Work order:
Produce one exact copy of the records, no pictures.
=== Section Start ===
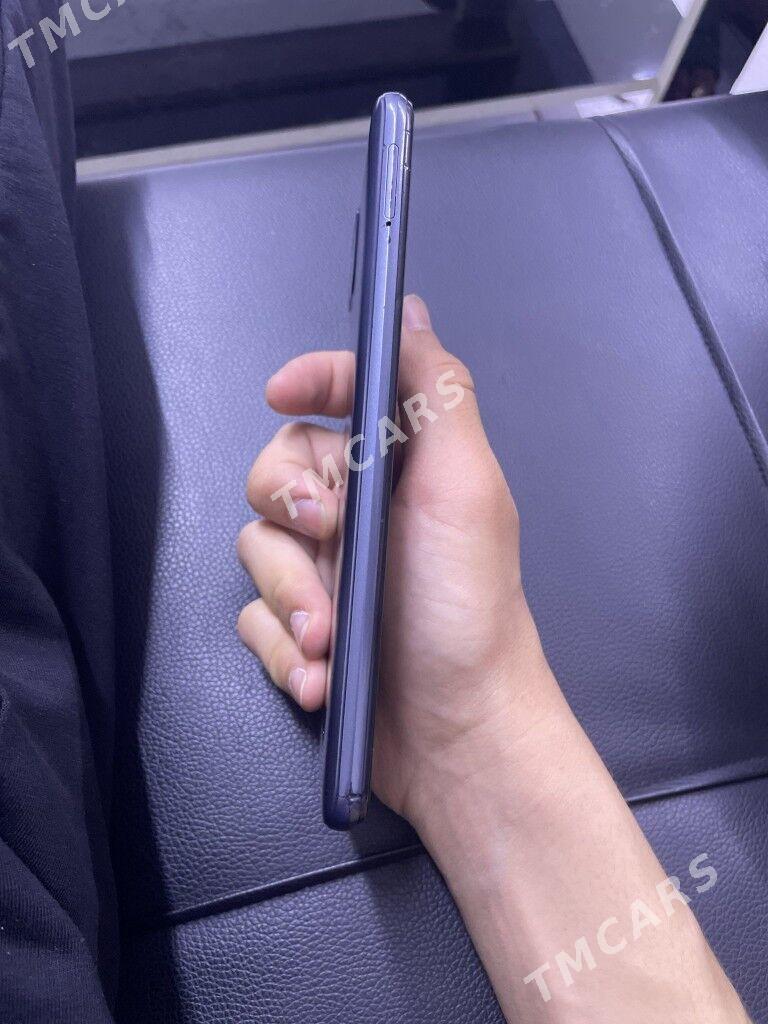 Realme C11 - Hitrowka - img 3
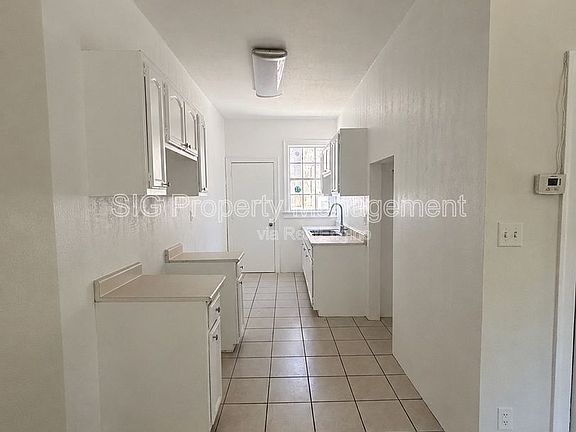 4th image of 10544 Floralita Ln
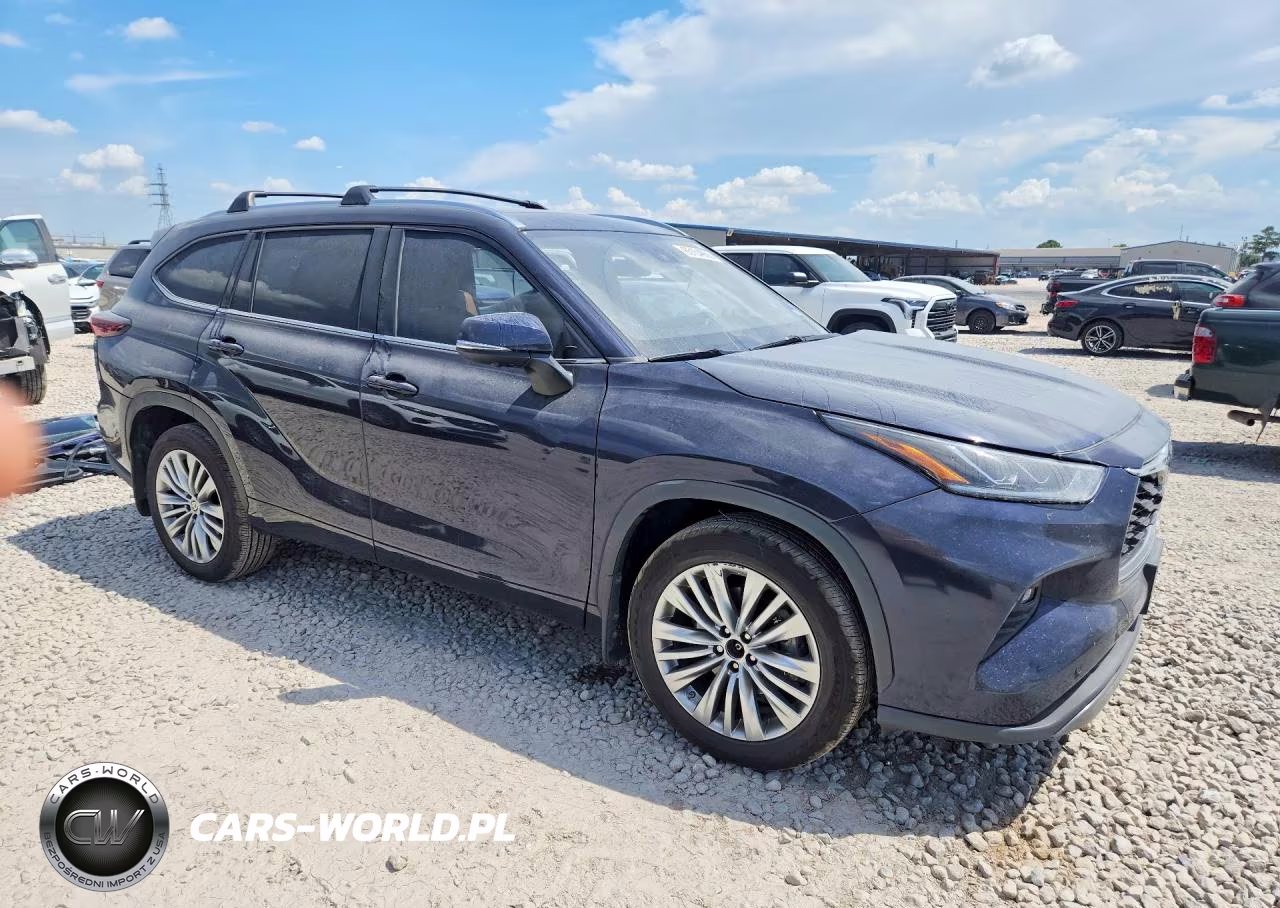 2024 Toyota Highlander Platinum VIN:5TDKDRAH8RS544052 - 4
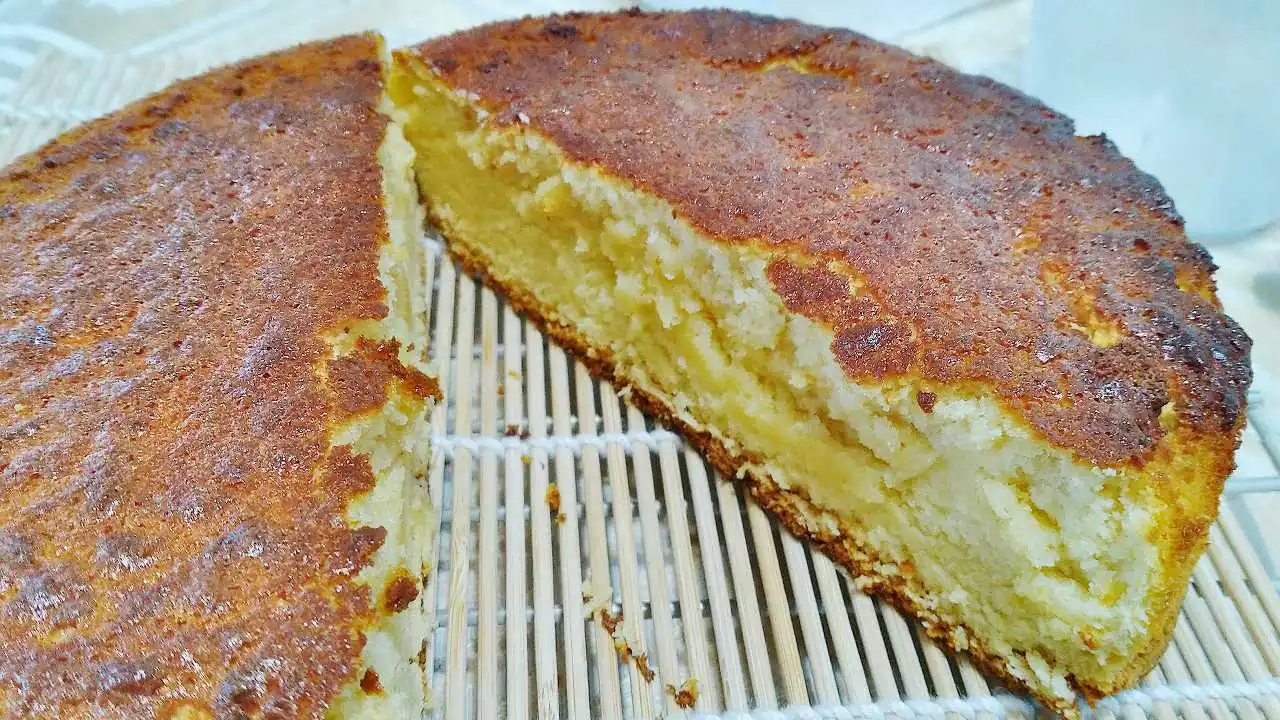 ノンオイルフライヤーで焼いた台湾カステラ「蜂蜜蛋糕」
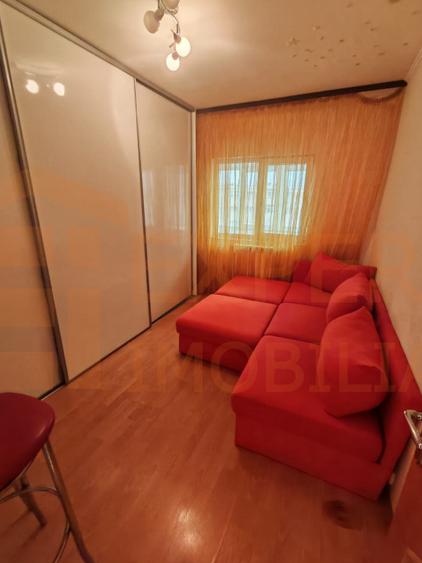 Apartament 3 camere de vânzare | Zona Far, Constanța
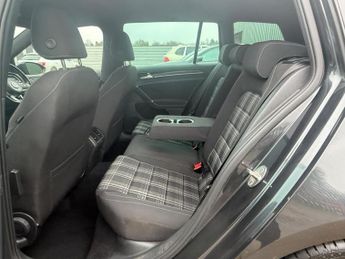 Volkswagen Golf 2.0 TDI BlueMotion Tech GTD (Nav) DSG Euro 6 (s/s) 5dr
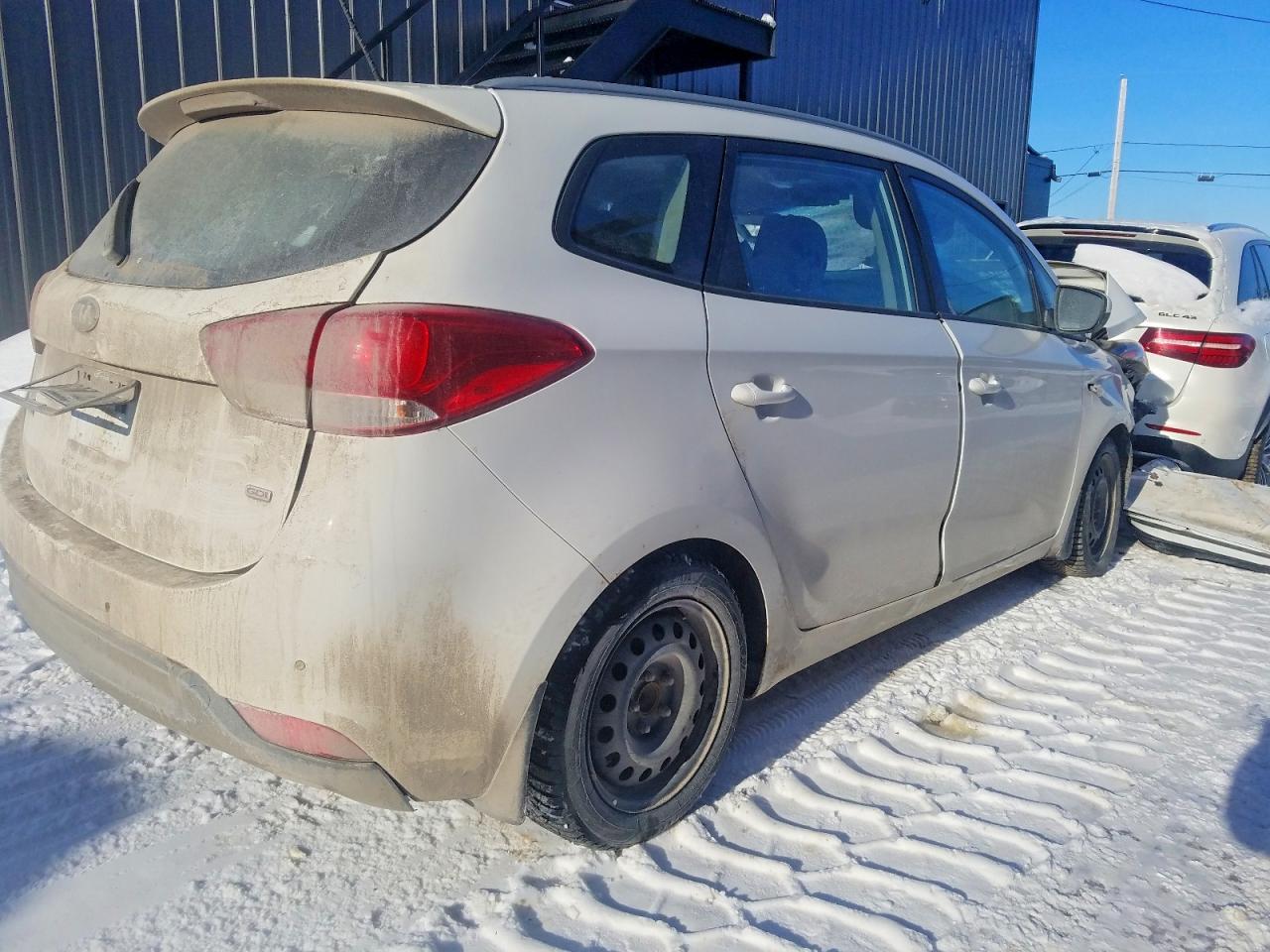 2014 KIA Rondo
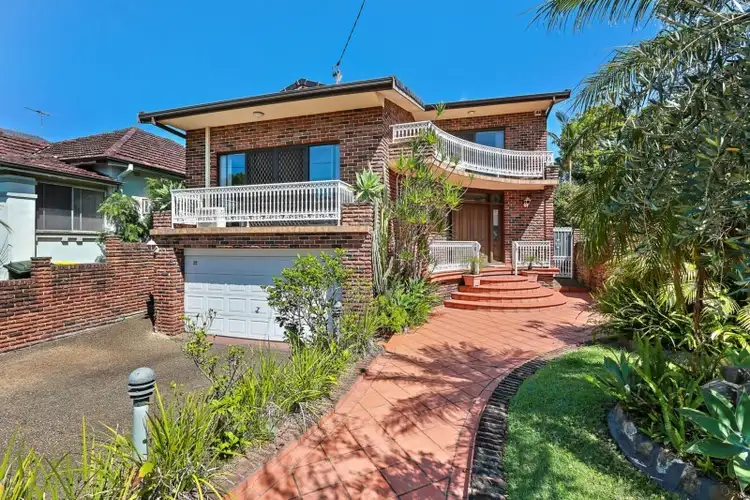 8 Collingwood Avenue, Cabarita NSW 2137
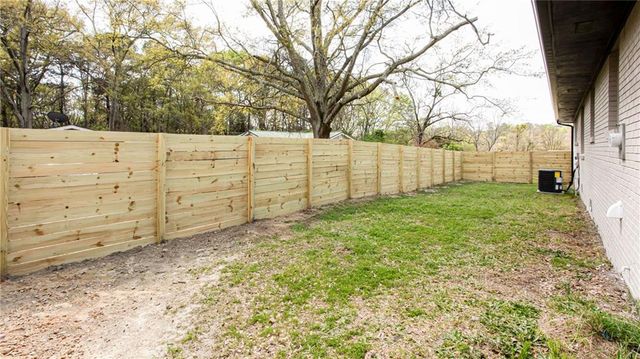 1318 Needmore Street SW, Conyers, GA 30012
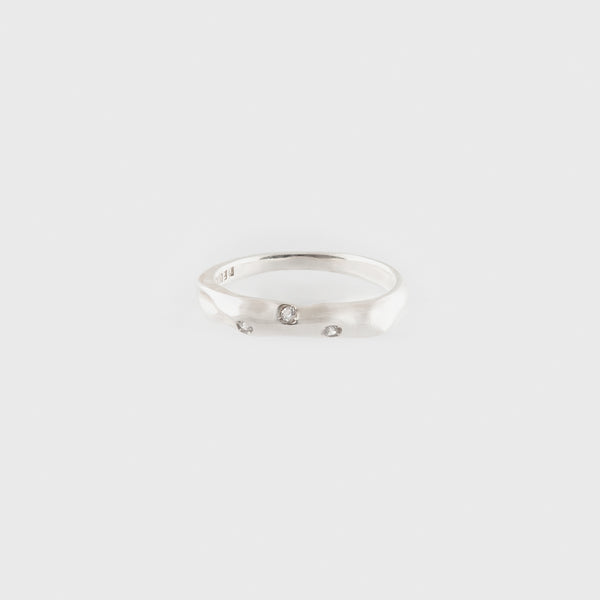 Trinity Coulée Diamond Ring in Silver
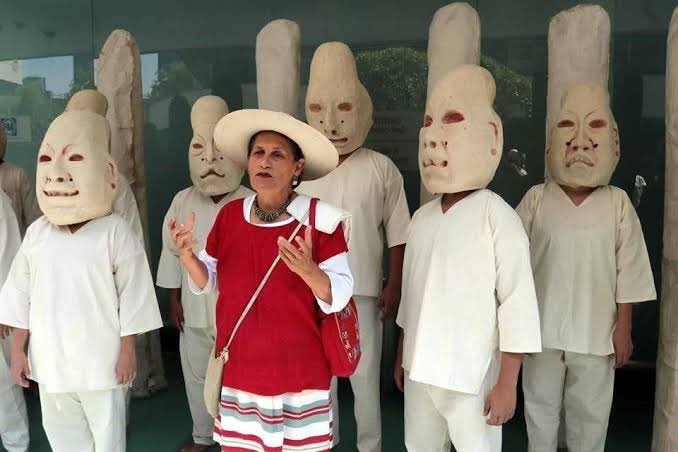 OsoBalder's tweet photo. @ChumelTorres Ni a la  ex Senadora Jesusa Rodríguez estando en su más psicodélico y peyotero viaje se le hubiese ocurrido semejante maroma. https://t.co/WpzHs1IWRm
=== Section End ===
Your response:
 Realme C11 - Hitrowka - img 3
 4th image of 10544 Floralita Ln
 2024 Toyota Highlander Platinum VIN:5TDKDRAH8RS544052 - 4
 ノンオイルフライヤーで焼いた台湾カステラ「蜂蜜蛋糕」
 Apartament 3 camere de vânzare | Zona Far, Constanța
 Volkswagen Golf 2.0 TDI BlueMotion Tech GTD (Nav) DSG Euro 6 (s/s) 5dr
 2014 KIA Rondo
 8 Collingwood Avenue, Cabarita NSW 2137
 1318 Needmore Street SW, Conyers, GA 30012
 Trinity Coulée Diamond Ring in Silver
 OsoBalder's tweet photo. @ChumelTorres Ni a la  ex Senadora Jesusa Rodríguez estando en su más psicodélico y peyotero viaje se le hubiese ocurrido semejante maroma. https://t.co/WpzHs1IWRm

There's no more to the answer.